Well, to be fair, if it had that then we'd be back to needing encryption again.
-
@scottalanmiller said:
@thecreativeone91 said:
Also why does your EHR not have an offline mode? Even the software we used for Rescue would so data was only temporarily stored (software encrypted) on the local laptop until they had a connection, then it would upload it to the server and verify it, then delete all local copies. this was an offline connector component they made in addition to the web interface.
Well, to be fair, if it had that then we'd be back to needing encryption again.
It encrypts in the software FDE would be an additional protection. But, the benefit is no employees can make the data stay there. It's got a timebomb on it (24hr I think) and is uploaded to the server automatically when there is a connection.
-
@thecreativeone91 said:
@scottalanmiller said:
@thecreativeone91 said:
Also why does your EHR not have an offline mode? Even the software we used for Rescue would so data was only temporarily stored (software encrypted) on the local laptop until they had a connection, then it would upload it to the server and verify it, then delete all local copies. this was an offline connector component they made in addition to the web interface.
Well, to be fair, if it had that then we'd be back to needing encryption again.
It encrypts in the software FDE would be an additional protection. But, the benefit is no employees can make the data stay there. It's got a timebomb on it (24hr I think) and is uploaded to the server automatically when there is a connection.
Oh I see.
-
@scottalanmiller said:
@thecreativeone91 said:
@scottalanmiller said:
@thecreativeone91 said:
Also why does your EHR not have an offline mode? Even the software we used for Rescue would so data was only temporarily stored (software encrypted) on the local laptop until they had a connection, then it would upload it to the server and verify it, then delete all local copies. this was an offline connector component they made in addition to the web interface.

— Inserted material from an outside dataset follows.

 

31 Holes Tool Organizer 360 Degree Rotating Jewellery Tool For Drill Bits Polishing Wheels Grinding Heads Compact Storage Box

Well, to be fair, if it had that then we'd be back to needing encryption again.
It encrypts in the software FDE would be an additional protection. But, the benefit is no employees can make the data stay there. It's got a timebomb on it (24hr I think) and is uploaded to the server automatically when there is a connection.
Oh I see.
I don't know of any EHR that has an offline mode, but my exposure is very limited, so there might be offline modes for it now.
-
Uhm - wow - I didn't expect it to be this much of a heated debate - but one that has been a learning experience...
But I have to again ask for a single get it done now because we are out of compliance type answer.

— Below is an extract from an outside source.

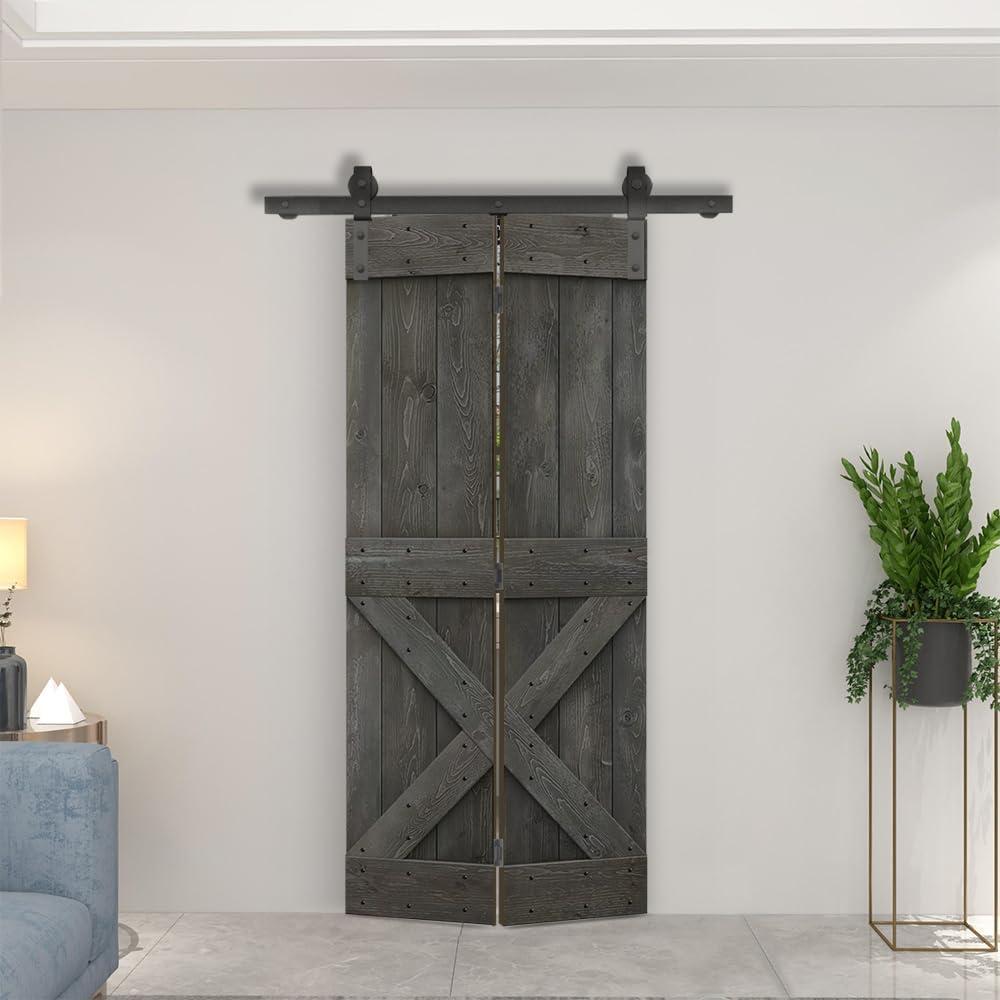 36 in. x 84 in. Mini X Series Carbon Gray Stained DIY Wood Bi-Fold Barn Door with Sliding Hardware Kit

Of the four options that 'fix' the issue now (McAfee, Symantec, Sophos, Replace HDD) which is the (as sad as I have to say) lesser of the evils?
And I could toss in one more,.. Dump the desktops completely and go with a RDP / VPN connection to a (self) hosted server running Server 2k12 or other. Eliminate the 'local computer' preventing ANY data on the local computer using Deepfreeze or such....(longer harder more costly solution).
-
Hard to say, I'm going to guess that Sophos is the way to go.